We met the Kentuckians at the old converted schoolhouse where they bunk every November, about 50 miles west of my house. A cold wind was blowing out of the northwest, about 20 miles an hour, adding even more bite to the sub-freezing temperature.

Inside the old schoolhouse, though, the air was warm enough to redden your face, and heavy with the smells of sausage, biscuits, gravy, scrambled eggs and coffee. I brought in a dozen fresh donuts, not because anybody needed them but because I don't like to meet good people empty-handed. That goes double for good people who have permission to hunt good land.
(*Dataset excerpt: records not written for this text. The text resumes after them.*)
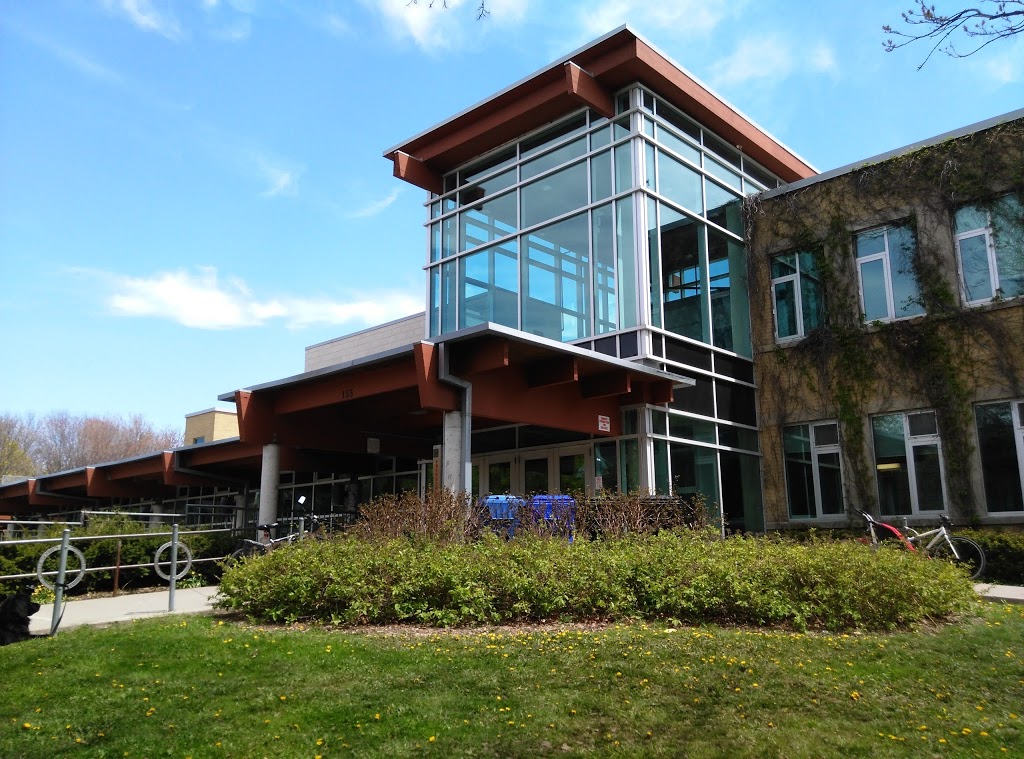 Trinity Community Recreation Centre | 155 Crawford St, Toronto, ON M6J 1G3, Canada | Phone: (416) 392-0743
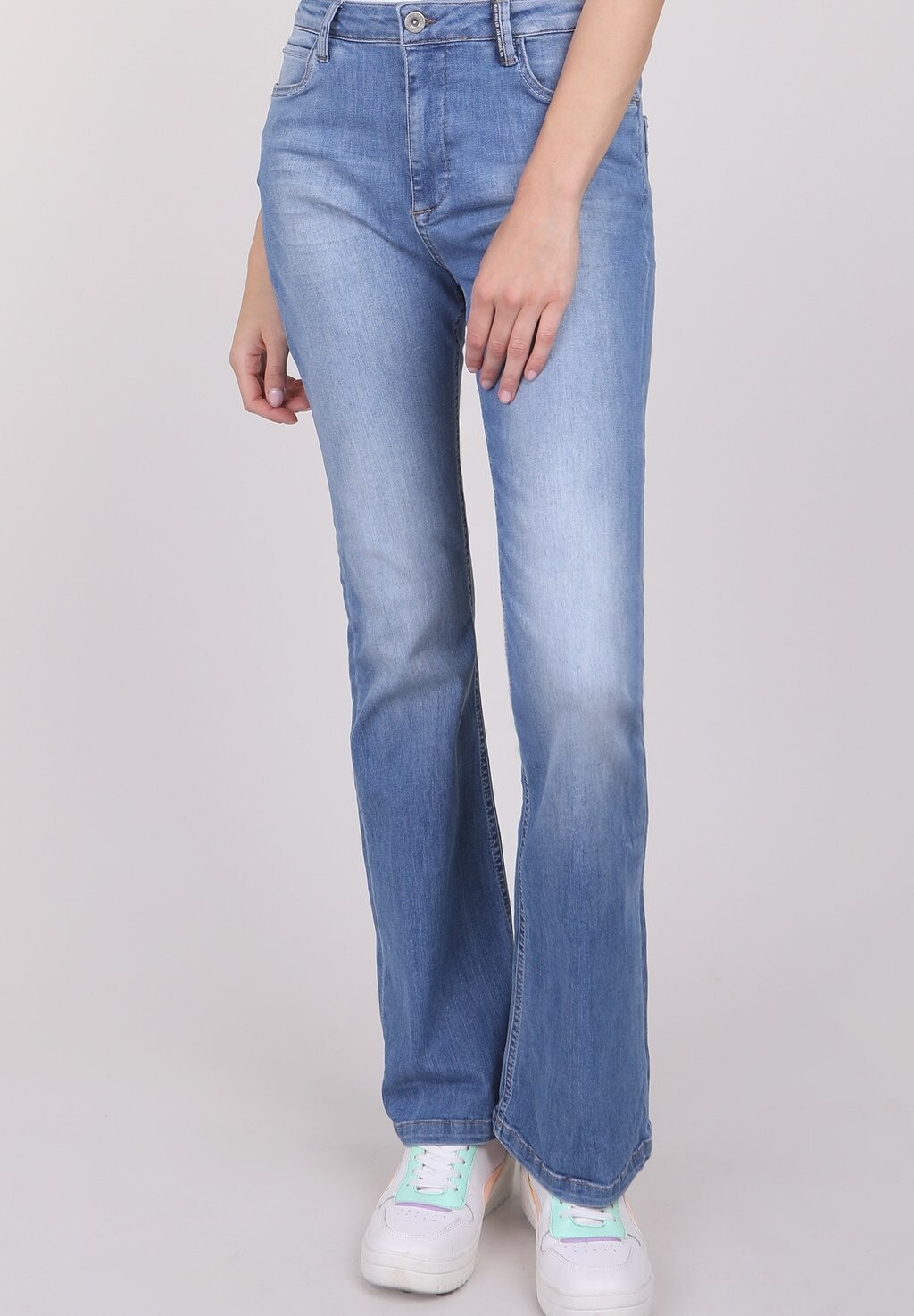 

Джинсы Bootcut Blue Fire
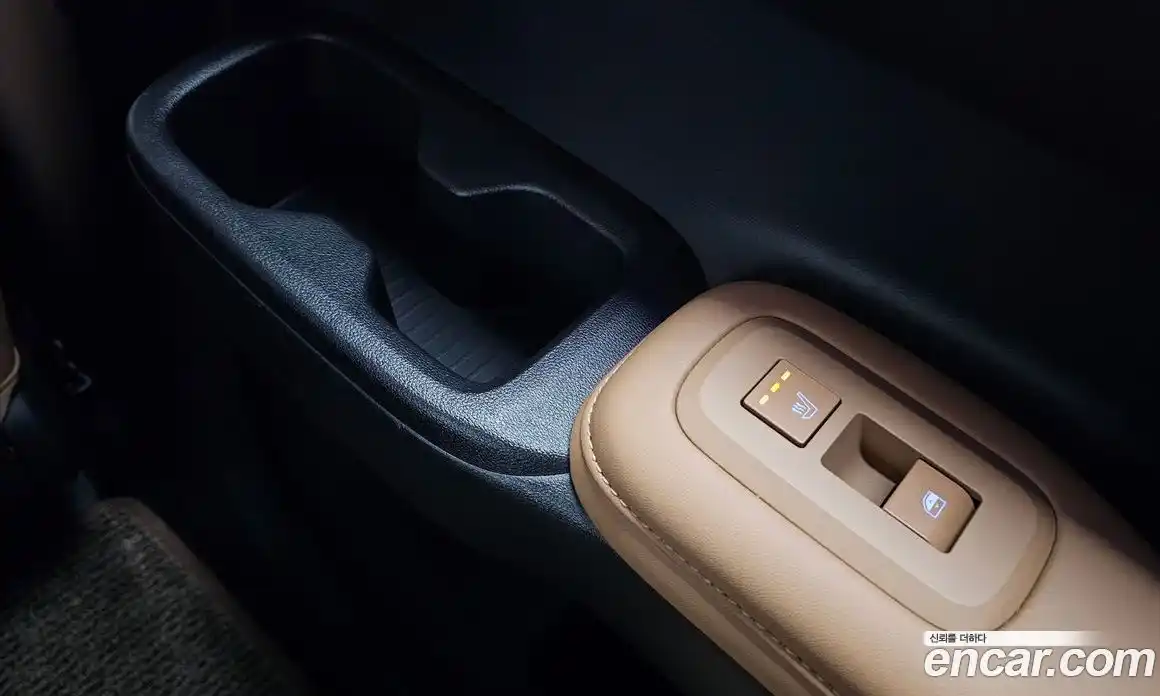 Hyundai Santa Fe 2024 1.6 Автомат в Москве № 127658, фото 17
Maybe I should've brought two dozen.

After breakfast, we drove half a mile up the road to the first rippling hills of brome and switchgrass between fields of late-standing corn. When I came out unarmed, there were some quizzical looks and then some questions.

I said I didn't bring a gun because that's the only way I can be sure not to embarrass myself. It was a lame excuse, the kind you make when you feel awkward about what you're doing and worried that others won't understand, because you're not sure that you understand it yourself.

We had two dogs on the ground. My Lab, Woody, was thrashing the heavy stuff inside 25 yards. My father's English setter, Jack, was running the edges, far enough away to look small. Both dogs were doing what they were made to do, and I was glad to be watching them.

Maybe 10 minutes out of the truck, Woody put up a rooster directly in front of me. The bird flared out like a great dancing Chinese kite with his chest toward me, so close that I could see his gray feet tucked against his black flanks and tell the difference between his wattles and his eyes. It would have been an easy shot. Then the bird peeled downwind, straight away from me, and the man to my right missed him three times.

We trudged on. I was enjoying the freedom of two empty hands, warm inside my jacket pockets. With no vest full of ammo, I felt totally unencumbered by dead weight. Just a plastic whistle in my teeth and a water bottle in a belt pouch were all that I carried, besides myself inside my clothes.